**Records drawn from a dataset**
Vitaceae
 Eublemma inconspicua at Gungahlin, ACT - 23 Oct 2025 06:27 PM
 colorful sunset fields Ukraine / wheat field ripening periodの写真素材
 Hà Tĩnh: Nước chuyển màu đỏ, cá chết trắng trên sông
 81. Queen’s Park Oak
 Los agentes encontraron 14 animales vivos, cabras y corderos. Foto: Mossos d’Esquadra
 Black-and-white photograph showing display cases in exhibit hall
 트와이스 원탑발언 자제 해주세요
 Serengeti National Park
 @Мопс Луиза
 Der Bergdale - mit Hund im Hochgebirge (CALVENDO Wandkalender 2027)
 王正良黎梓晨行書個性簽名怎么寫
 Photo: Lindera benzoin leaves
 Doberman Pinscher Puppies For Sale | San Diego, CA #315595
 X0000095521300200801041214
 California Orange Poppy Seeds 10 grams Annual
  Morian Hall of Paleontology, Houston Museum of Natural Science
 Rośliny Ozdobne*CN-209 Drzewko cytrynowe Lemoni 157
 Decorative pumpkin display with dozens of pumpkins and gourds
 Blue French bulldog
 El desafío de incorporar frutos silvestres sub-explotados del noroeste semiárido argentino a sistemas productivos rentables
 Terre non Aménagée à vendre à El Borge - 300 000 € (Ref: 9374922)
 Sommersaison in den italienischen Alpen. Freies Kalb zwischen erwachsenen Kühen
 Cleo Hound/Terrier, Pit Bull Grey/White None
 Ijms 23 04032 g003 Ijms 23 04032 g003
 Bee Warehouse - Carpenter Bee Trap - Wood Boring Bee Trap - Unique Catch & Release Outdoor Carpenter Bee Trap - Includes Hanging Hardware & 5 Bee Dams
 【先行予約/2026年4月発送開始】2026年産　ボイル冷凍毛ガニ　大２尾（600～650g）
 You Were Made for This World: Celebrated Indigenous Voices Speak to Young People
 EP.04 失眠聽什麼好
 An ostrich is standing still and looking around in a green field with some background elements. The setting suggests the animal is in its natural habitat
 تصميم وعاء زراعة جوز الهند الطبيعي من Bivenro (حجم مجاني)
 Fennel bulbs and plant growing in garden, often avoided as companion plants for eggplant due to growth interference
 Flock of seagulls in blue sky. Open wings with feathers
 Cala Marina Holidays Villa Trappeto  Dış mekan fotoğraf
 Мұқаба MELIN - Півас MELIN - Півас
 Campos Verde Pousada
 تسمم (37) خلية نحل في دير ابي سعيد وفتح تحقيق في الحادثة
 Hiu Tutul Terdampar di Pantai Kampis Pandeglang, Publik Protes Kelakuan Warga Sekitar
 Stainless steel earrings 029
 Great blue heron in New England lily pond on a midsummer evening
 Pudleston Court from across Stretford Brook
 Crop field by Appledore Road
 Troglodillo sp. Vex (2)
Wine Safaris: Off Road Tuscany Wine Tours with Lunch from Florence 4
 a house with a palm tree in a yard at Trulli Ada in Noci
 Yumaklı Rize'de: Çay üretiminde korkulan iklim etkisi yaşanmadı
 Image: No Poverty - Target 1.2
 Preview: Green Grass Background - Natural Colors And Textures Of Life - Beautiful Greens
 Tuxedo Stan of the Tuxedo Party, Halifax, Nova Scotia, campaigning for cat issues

**Requirement**
Look through the records above for the string "display", then copy every line that has it.

**Written solution**
 Black-and-white photograph showing display cases in exhibit hall
 Decorative pumpkin display with dozens of pumpkins and gourds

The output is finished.